Which border crossing should I use between Croatia and Montenegro?
The main coastal crossing is Debeli Brijeg on the Montenegrin side and Karasovici on the Croatian side, open 24 hours. In July and August expect waits of one to two hours at peak times, lightest on weekday mornings before 08:00 and evenings after 20:00. A quieter inland alternative exists near Trebinje but adds driving time.
What is the minimum age and driving experience to rent at Dubrovnik Airport?
It depends on the car. The entry-level vehicles are available from 18 with at least one year of driving experience, most of the fleet is open from 21, and a few categories ask for two to three years behind the wheel. The usual upper limit is around 70. Filter by your age and experience when you book and you will only see the cars at Dubrovnik Airport you can actually drive.
Do I need a credit card or a big deposit?
Most cars can be rented without a credit card, and on the lower insurance tiers only a refundable deposit of around EUR 100 is held against the car. Choosing the Full Coverage Plus upgrade removes the excess and waives the deposit entirely. Cash, card and crypto are all accepted, so a debit card and your licence are usually enough.
Can I pick up at Dubrovnik and drop off in Montenegro?

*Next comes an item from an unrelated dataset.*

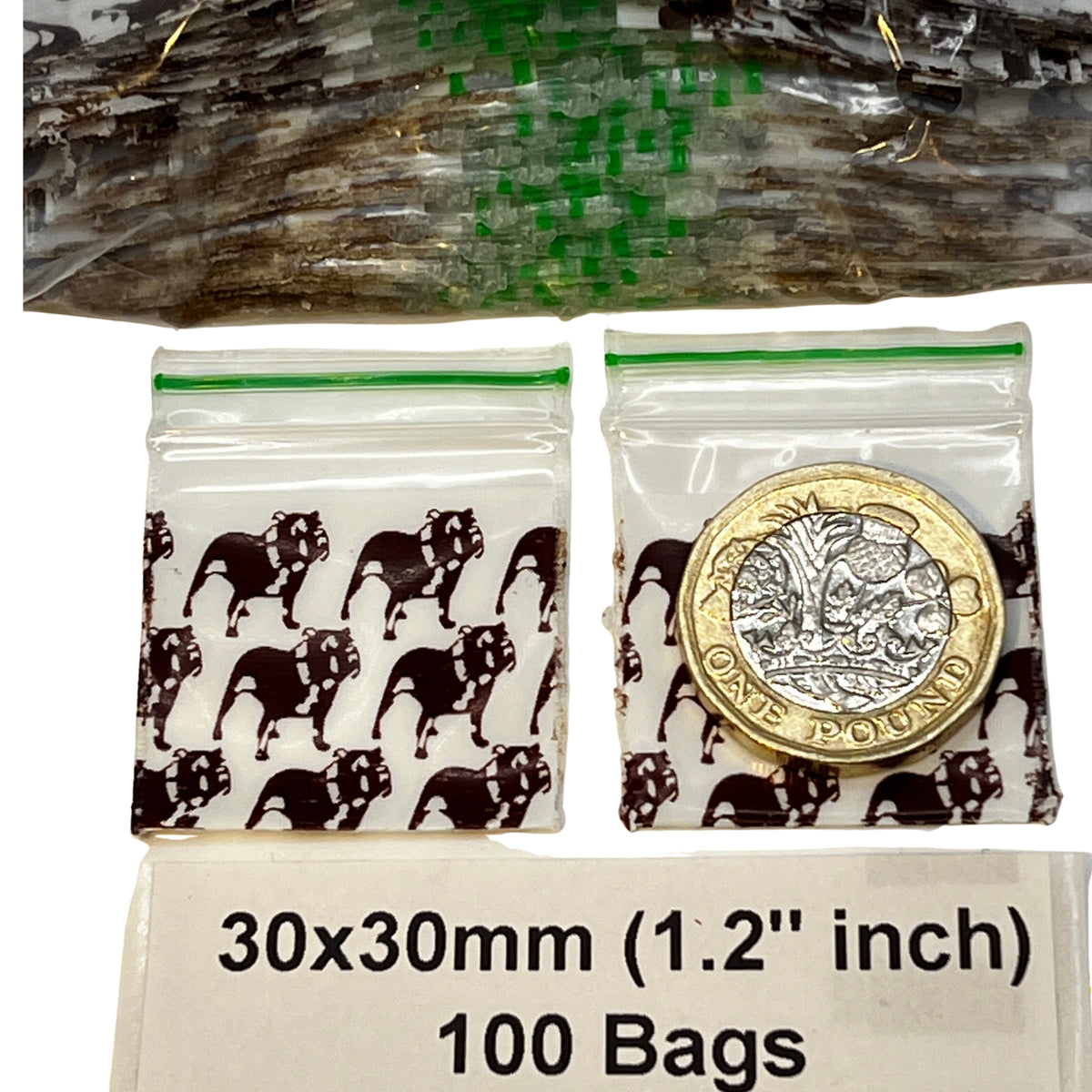 Clear plastic sample bags with top dog print zipper seals, printed with black dog print and shown with a 1-pound coin for scale.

Yes, one-way pickups and drop-offs are available, including returns at a Montenegrin airport or a town around the bay. This suits anyone flying into Dubrovnik but out of Montenegro. Let us know your route when booking so the right car, rate and cross-border paperwork are arranged before you travel.
What documents do I need at the border?
Your passport or EU national ID (original, not a photocopy), your driving licence, the original rental contract with the company stamp, the Green Card listing Montenegro, and the vehicle registration certificate, which should already be in the car. Keep them together in an envelope on the dashboard and hand the whole set over when it is your turn.